El enterramiento de Samaniego

El fabulista fue una personalidad en el siglo XVIII y sus restos reposan en la capilla de La Piedad de la iglesia de San Juan Bautista de Laguardia

Tino Rey

Miércoles, 25 de enero 2017, 01:44

Los nombres y apellidos con los que sus padres le asignaron en la pila del bautismo de San Juan Bautista de Laguardia no son por todos conocidos: Félix María Serafín Sánchez de Samaniego. Nació en la casa palacio de sus progenitores, enclavada al sur de la villa, un 12 de octubre de 1745 cuando en las campiñas de la Rioja Alavesa se llevaba a cabo ese prodigio otoñal que es la vendimia. Reinaba en España Felipe V.

Samaniego, señor del Valle de Arraya, fue un adelantado a su tiempo. Hombre viajero, que bebió de las fuentes francesas de la Ilustración, ingenioso, mordaz, burlón; se reía de sí mismo y de todo lo que le rodeaba. Impartió su saber a los alumnos del Seminario Patriótico de Bergara, siendo su director en dos ocasiones, y formó parte de la Sociedad Bascongada de Amigos del País.

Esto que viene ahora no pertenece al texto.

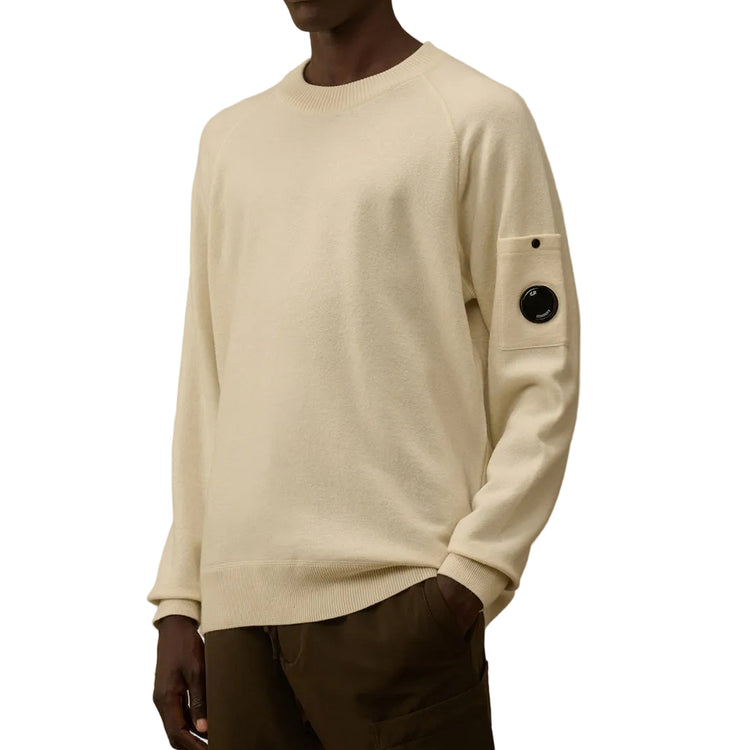 Felted Merino Wool Crewneck Lens Knit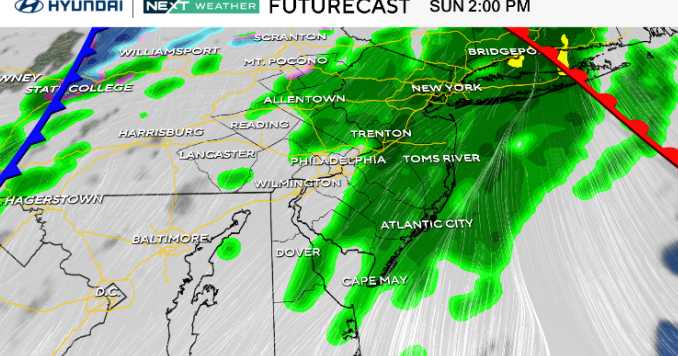 Rain returns Sunday in Philadelphia area ahead of coastal storm bringing snow Tuesday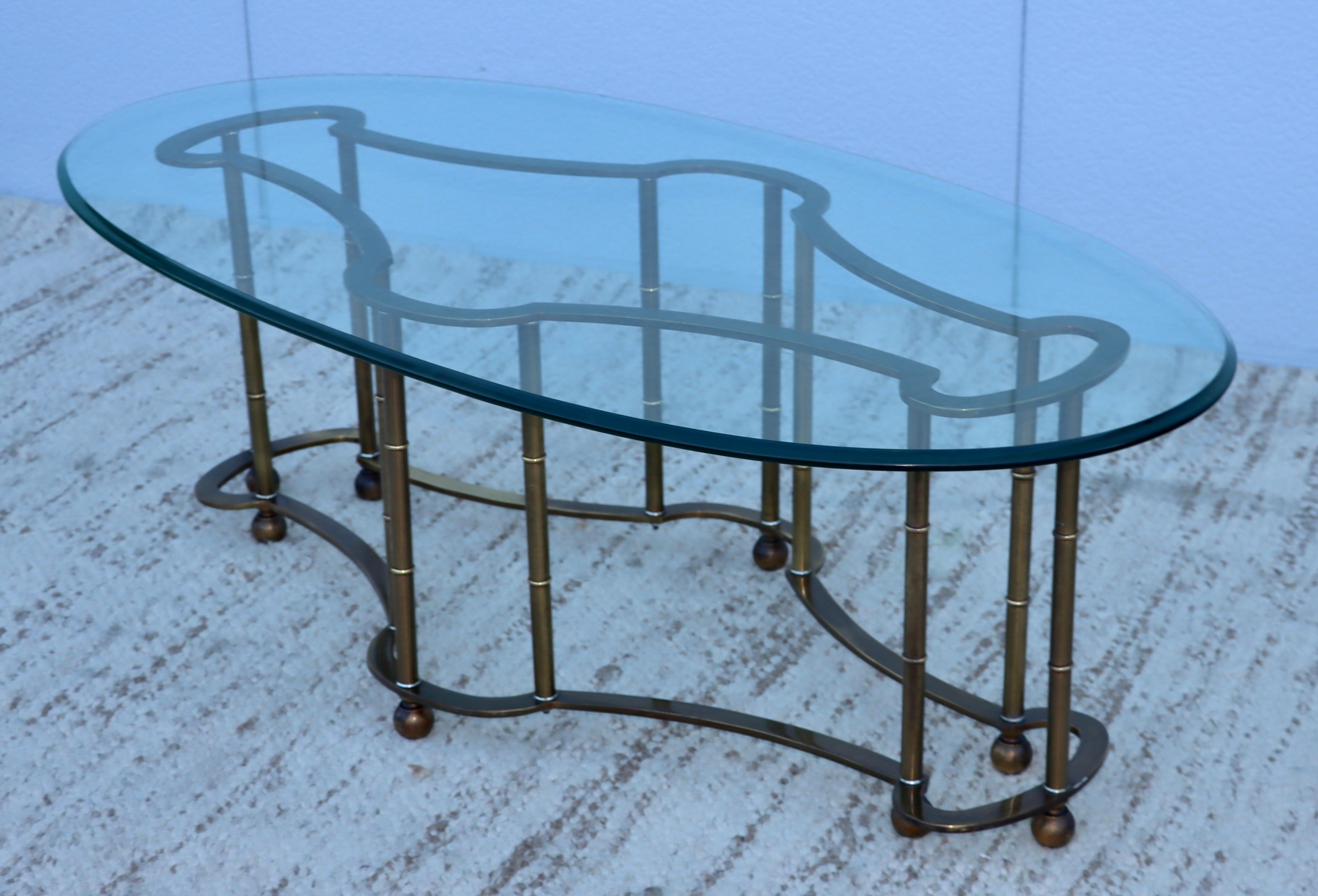 1970's Mastercraft Racetrack Brass Oval Coffee Table For Sale 1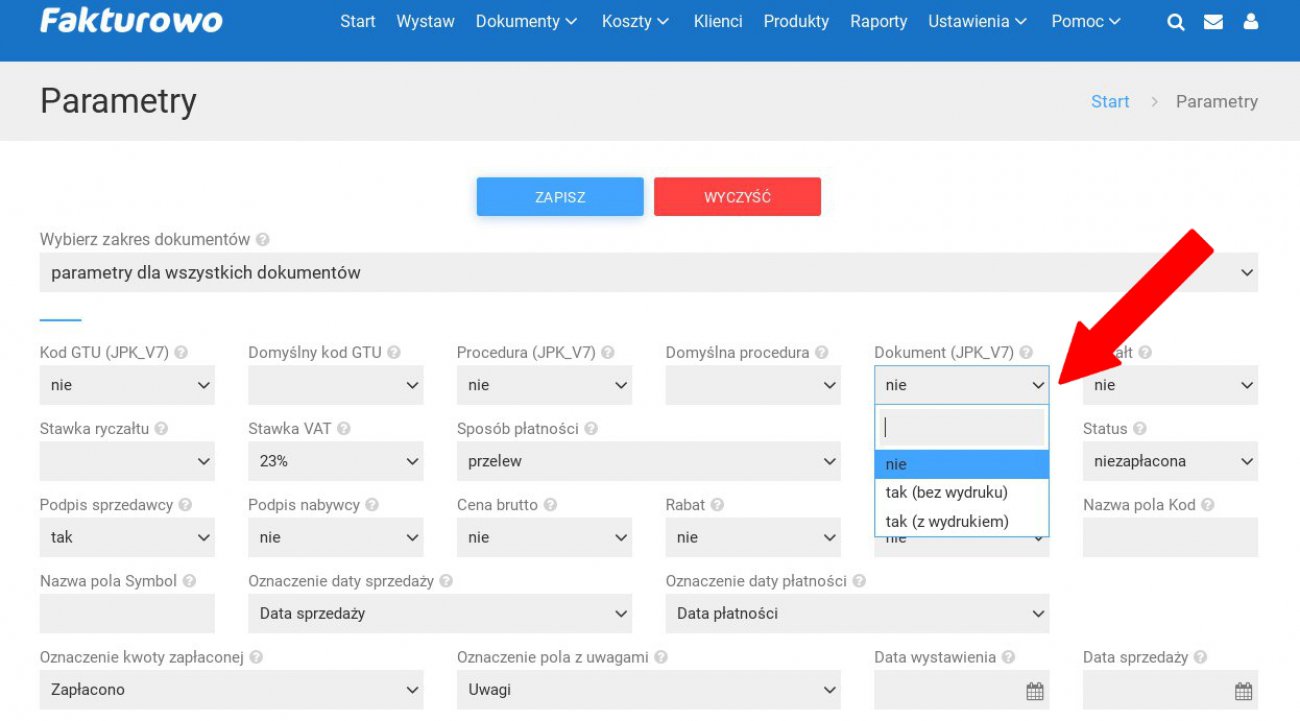Oznaczenia dokumentów JPK_V7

Músico, ensayista, dramaturgo y heredero por derecho propio de las letras del Siglo de Oro. Pero donde logró universalizar su ingenio fue en sus Fábulas Morales y las escribió con un objetivo primordial, «ser el pasto con el que se debe nutrir el espíritu de los niños». En verdad que lo logró. Me acuerdo en mi etapa escolar de que el maestro antes de iniciar la clase nos relataba una de sus fábulas con su consiguiente moraleja. Momentos inolvidables.

¿Por qué en la mayoría de sus fábulas los grandes protagonistas son los animales: asno, cigarra, hormiga, codorniz, águila, escarabajo, zorro, mosca, culebra, cigüeña, corneja, lobo, liebre, milano, pulga? La deducción es clara. En los largos periodos de estío que pasó en su finca de La Escobosa, entre los meandros del Ebro, hizo causa solidaria con todos estos bichos que correteaban y volaban por sus tierras de la ribera. Se puede asegurar que Samaniego era un empedernido amante de la naturaleza.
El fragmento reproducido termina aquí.